Wir freuen uns und halten es für wichtig, dass WKO die Plakate nun nimmt. Wir würden gerne vorschlagen, ein Treffen zu vereinbaren, wo wir den Vorfall abschließend mit Ihnen besprechen und gemeinsam über Möglichkeiten zur Gestaltung einer für alle sicheren Zukunft in Wien sprechen können. Wir Ukrainer*innen sind ein bunter Haufen Menschen. Selbstverständlich gibt es auch bei uns Ausreißer, mit denen viele nicht über einen Kamm geschoren werden möchten. Sie kennen das vielleicht aus Österreich. Unsere Vielfalt macht es vielleicht auch manchmal etwas schwierig, bei praktischen Entscheidungen, die rasch erfolgen müssen, das jeweils passende, sozusagen unstrittige Gegenüber zu finden, insbesondere für Außenstehende. Die mitgliederstärksten Organisationen der ukrainischen Diaspora in Österreich haben sich zusammengetan und schicken Ihnen diesen Brief gemeinsam.
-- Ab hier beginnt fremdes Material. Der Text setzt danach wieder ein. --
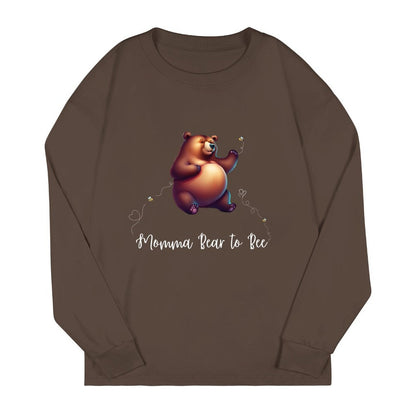 Momma Bear To Be - Sudadera de algodón DTF de 260 g/m²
Wir stehen Ihnen gerne auch gemeinsam zur Verfügung, wenn Sie Fragen und Anliegen haben, die uns betreffen.
Videos bitte verlinken mit unserem YouTube: Ukrainian Community Media Center - YouTube
Ursprünglich veröffentlicht hier: Statement – Ukraine Wien
Unterschrieben von mehreren ukrainischen Organisationen (siehe Statement – Ukraine Wien)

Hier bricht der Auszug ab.